There is another structural observation Dummett noted, one based on these affinity groups. Within the middle section, the affine pair Love/Chariot almost always precedes Time/Fortune, and Traitor/Death is always the last pair. This pattern is strikingly meaningful when we consider the subject matter of the three groups. The first group shows iconic examples of good fortune; the second group shows reversals of fortune; the third group shows the ultimate bad fortune of betrayal and death. This observation is the fundamental meaning of the Tarot trump cycle -- a Wheel of Fortune or De Casibus cycle.

One conclusion from this is that decks which do not maintain this meaningful allegorical design are derivative, rather than being candidates for the earliest design.

What other patterns can we find in known decks?
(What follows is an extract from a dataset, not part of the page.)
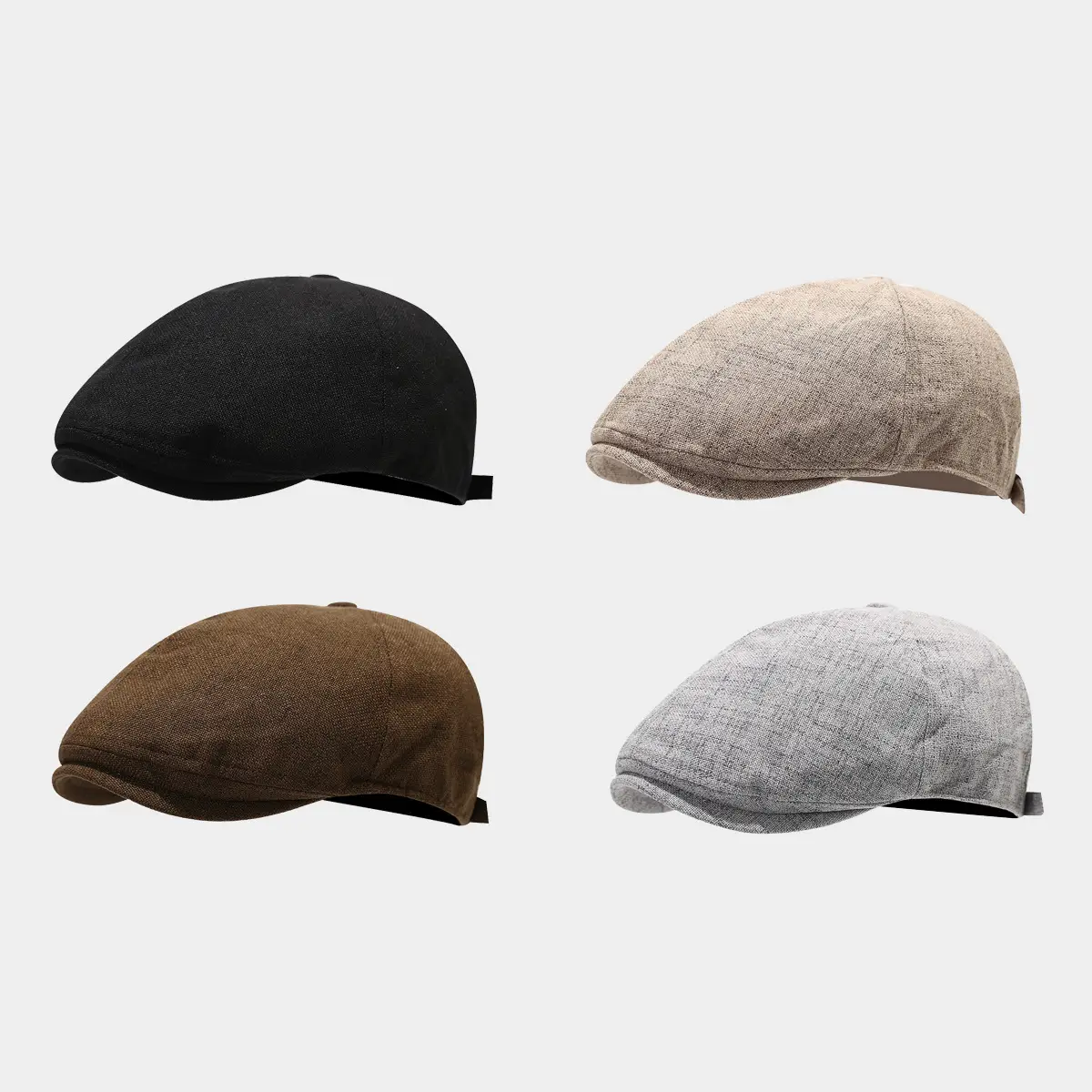 Black Cotton Forward Hat for Men Summer Casual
What should we look for?

The basic criterion for well ordered design is that the elements of each affine group are either adjacent or equally spaced. Equally spaced might be something like alternation, where each pair seems matched in some way. The sequence Empress-Popess-Emperor-Pope is an example. Another example of equally spaced elements is the virtues in the Tarot de Marseille ordering. This might be compared to a rhyme scheme in the middle trumps, AAB-CCB-DDB, where B represents one of the three virtues.

Adjacent elements are like couplets: AABBCC. At first glance, this seems like a possibility in some decks. For example, the ordering of the Steele manuscript (and the Bertoni and Garzoni poems) begins promisingly: Matto/Bagatto, Empress/Emperor, Popess/Pope. This is clearly a well-designed pattern. However, such a simple alternating scheme fails beyond that point. Despite the fact that there are over a dozen different orderings, most of them do not yield such a systematic design.

TWO PLAUSIBLE ORDERINGS

While that simplest pattern fails, there might be some more complicated arrangement of related subjects, a kind of rhyme scheme built on related subjects. Again, this might be built on equally-spaced affine groups or adjacent ones. As an example of the former, there is the Milanese/Tarot de Marseille ordering. This structure is not perfect, but is sufficiently apparent and meaningful that it has been noted by writers including Ronald Decker and Tom Tadfor Little. Here it is, within the three sections, with the rhyme scheme spelled out.

AAB - Matto/Bagatto/Popess
CCB - Empress/Emperor/Pope
--- --- --- --- --- --- ---
DDE - Love/Triumphal Chariot/Justice
FFE - Hermit/Fortune/Fortitude
GGE - Traitor/Death/Temperance
--- --- --- --- --- --- ---
HHI - Devil/Tower/Star
JJI - Moon/Sun/Resurrection to Judgment
I - World

Popess/Pope are clearly an affine group, but they are not adjacent -- they are equally spaced, every third card. The three Moral Virtues are not adjacent but equally spaced, every third card. Each pair of cards preceding these "third cards" is itself an affine group, making the first two sections coherent. The structure is neat, to the point of being obvious.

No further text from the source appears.